Patil Prashant W, Dudhane Akshay, Kulkarni Ashutosh, Murala Subrahmanyam, Gonde Anil Balaji, Gupta Sunil
IEEE Trans Image Process. 2021;30:7889-7902. doi: 10.1109/TIP.2021.3108405. Epub 2021 Sep 20.
Moving object segmentation (MOS) in videos received considerable attention because of its broad security-based applications like robotics, outdoor video surveillance, self-driving cars, etc. The current prevailing algorithms highly depend on additional trained modules for other applications or complicated training procedures or neglect the inter-frame spatio-temporal structural dependencies. To address these issues, a simple, robust, and effective unified recurrent edge aggregation approach is proposed for MOS, in which additional trained modules or fine-tuning on a test video frame(s) are not required. Here, a recurrent edge aggregation module (REAM) is proposed to extract effective foreground relevant features capturing spatio-temporal structural dependencies with encoder and respective decoder features connected recurrently from previous frame. These REAM features are then connected to a decoder through skip connections for comprehensive learning named as temporal information propagation. Further, the motion refinement block with multi-scale dense residual is proposed to combine the features from the optical flow encoder stream and the last REAM module for holistic feature learning. Finally, these holistic features and REAM features are given to the decoder block for segmentation. To guide the decoder block, previous frame output with respective scales is utilized. The different configurations of training-testing techniques are examined to evaluate the performance of the proposed method. Specifically, outdoor videos often suffer from constrained visibility due to different environmental conditions and other small particles in the air that scatter the light in the atmosphere. Thus, comprehensive result analysis is conducted on six benchmark video datasets with different surveillance environments. We demonstrate that the proposed method outperforms the state-of-the-art methods for MOS without any pre-trained module, fine-tuning on the test video frame(s) or complicated training.

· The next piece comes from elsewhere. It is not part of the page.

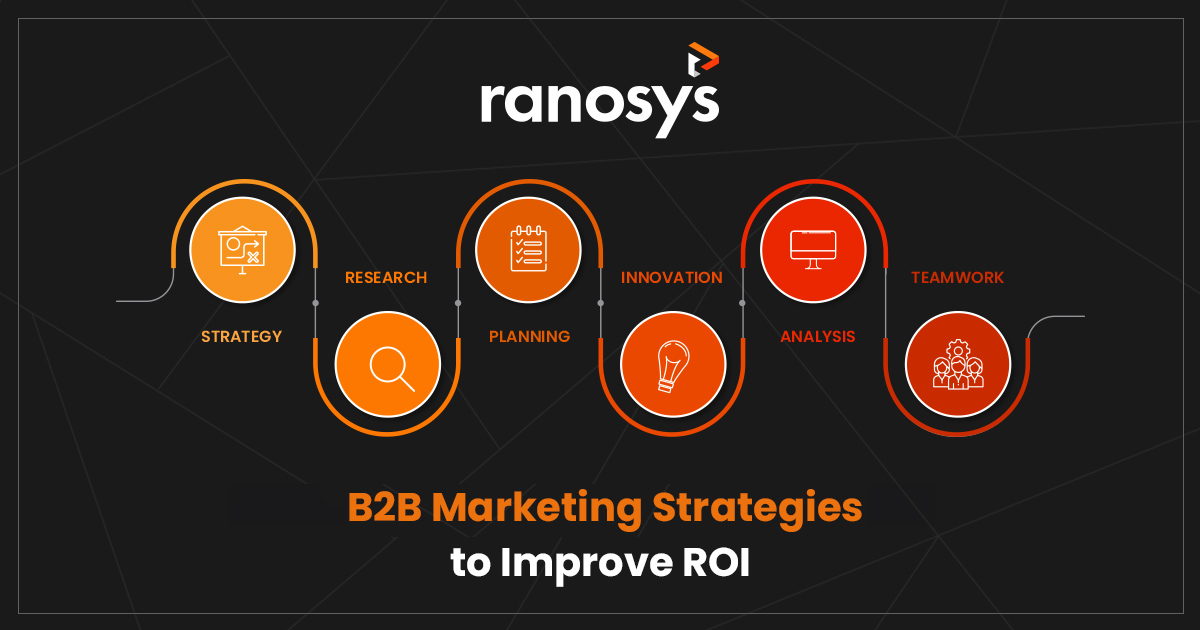 B2B Marketing Strategies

视频中的运动目标分割(MOS)因其在机器人技术、户外视频监控、自动驾驶汽车等基于安全的广泛应用而受到广泛关注。当前流行的算法高度依赖于用于其他应用的额外训练模块或复杂的训练过程,或者忽略了帧间时空结构依赖性。为了解决这些问题,本文提出了一种简单、稳健且有效的统一递归边缘聚合方法用于MOS,该方法无需额外的训练模块或在测试视频帧上进行微调。在此,提出了一种递归边缘聚合模块(REAM),通过将编码器和各自的解码器特征与前一帧递归连接来提取有效的前景相关特征,从而捕捉时空结构依赖性。然后,这些REAM特征通过跳跃连接连接到解码器,进行全面学习,称为时间信息传播。此外,还提出了具有多尺度密集残差的运动细化模块,将光流编码器流和最后一个REAM模块的特征相结合,进行整体特征学习。最后,将这些整体特征和REAM特征输入到解码器模块进行分割。为了指导解码器模块,利用了具有相应尺度的前一帧输出。研究了不同的训练 - 测试技术配置,以评估所提出方法的性能。具体而言,户外视频由于不同的环境条件和空气中散射光线的其他小颗粒,常常存在能见度受限的问题。因此,在六个具有不同监控环境的基准视频数据集上进行了全面的结果分析。我们证明,所提出的方法在没有任何预训练模块、不在测试视频帧上进行微调或采用复杂训练的情况下,优于当前最先进的MOS方法。